Gene therapy will lead to a breakthrough
He has more confidence in gene therapy as a way to prevent the symptoms of RP. “The innate gene causes light-sensitive pigment in a cell to fold up incorrectly and not be broken down. This causes the cell to become crammed with faulty photopigment and then eventually die off. In gene therapy, this incorrect gene is cut in half. This prevents the pigment from accumulating and the cell from dying. The research results are promising and this breakthrough is definitely going to happen.”
Another promising technique for treating RP is optogenetics. This involves influencing the behavior of a cell by inserting a light-sensitive gene. In the research by Kamermans’ group, this gene came from light-sensitive ion channels. These are developed in blue-green algae in order to detect light. “By inserting these into the retina, they replace the function of the photoreceptors that have broken down,” he goes on to explain.
The key here is to insert the gene in the right dosage and at an early stage of the disease. “The retina has a layered structure, whereby the first layer takes care of all the calculations before signals go to the brain. The disease is progressive so you have to catch it in time. Otherwise that layer is already too far damaged. It is possible to make a deeper layer sensitive to light. But that produces poorer results because you then lack those calculations from the first layer.”
Further research needed
The first three patients were treated with a relatively low dose by the French research group Gensight, Kamermans reports. ” They responded well to this. The plan is to further shape this study. But I haven’t heard anything more about this for a while because of corona – at physical conferences you chat to each other in between lectures, but this happens less online.”

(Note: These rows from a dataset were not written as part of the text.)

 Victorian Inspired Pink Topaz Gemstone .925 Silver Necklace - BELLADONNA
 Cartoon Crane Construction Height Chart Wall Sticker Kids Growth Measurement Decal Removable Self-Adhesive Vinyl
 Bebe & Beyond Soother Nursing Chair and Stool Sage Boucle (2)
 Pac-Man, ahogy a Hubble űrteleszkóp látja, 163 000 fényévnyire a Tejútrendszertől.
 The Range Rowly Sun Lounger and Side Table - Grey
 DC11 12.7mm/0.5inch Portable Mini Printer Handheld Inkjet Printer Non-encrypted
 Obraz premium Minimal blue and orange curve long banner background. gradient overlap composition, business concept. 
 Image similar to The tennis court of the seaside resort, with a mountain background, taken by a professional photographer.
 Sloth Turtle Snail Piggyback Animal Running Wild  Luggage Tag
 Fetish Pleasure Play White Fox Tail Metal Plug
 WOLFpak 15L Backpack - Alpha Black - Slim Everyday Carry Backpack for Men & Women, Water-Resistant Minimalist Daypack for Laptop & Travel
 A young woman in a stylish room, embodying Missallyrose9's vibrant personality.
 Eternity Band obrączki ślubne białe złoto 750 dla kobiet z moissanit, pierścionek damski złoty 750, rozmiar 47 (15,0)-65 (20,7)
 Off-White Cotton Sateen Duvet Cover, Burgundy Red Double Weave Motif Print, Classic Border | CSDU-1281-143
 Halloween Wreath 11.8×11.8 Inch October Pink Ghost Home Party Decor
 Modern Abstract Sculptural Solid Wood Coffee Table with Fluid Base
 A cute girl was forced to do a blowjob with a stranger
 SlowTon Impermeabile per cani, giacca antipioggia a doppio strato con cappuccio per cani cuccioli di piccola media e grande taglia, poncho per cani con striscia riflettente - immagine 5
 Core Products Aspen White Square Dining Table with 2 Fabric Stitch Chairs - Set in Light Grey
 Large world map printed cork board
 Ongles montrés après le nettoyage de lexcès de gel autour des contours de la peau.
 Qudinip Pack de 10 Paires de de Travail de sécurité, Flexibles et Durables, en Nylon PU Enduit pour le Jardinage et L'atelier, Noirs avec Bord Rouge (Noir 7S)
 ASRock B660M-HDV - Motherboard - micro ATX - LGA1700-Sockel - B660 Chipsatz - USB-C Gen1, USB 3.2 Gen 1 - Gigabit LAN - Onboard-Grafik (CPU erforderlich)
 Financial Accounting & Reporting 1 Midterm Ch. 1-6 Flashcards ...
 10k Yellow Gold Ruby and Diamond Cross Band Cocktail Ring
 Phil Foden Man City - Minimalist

Back in the Netherlands, Kamermans and his colleagues had to stop researching optogenetics because they were no longer getting enough retinas. “Previously, we received the residual material for scientific research from the cornea bank. But since this was transferred to the tissue bank, only eyes are allowed to be used for corneal research; the rest is thrown away. While we know there is an ample supply. This is extremely frustrating. We may not be working towards clinical solutions with our research at the moment, but our fundamental knowledge can definitely contribute to this.”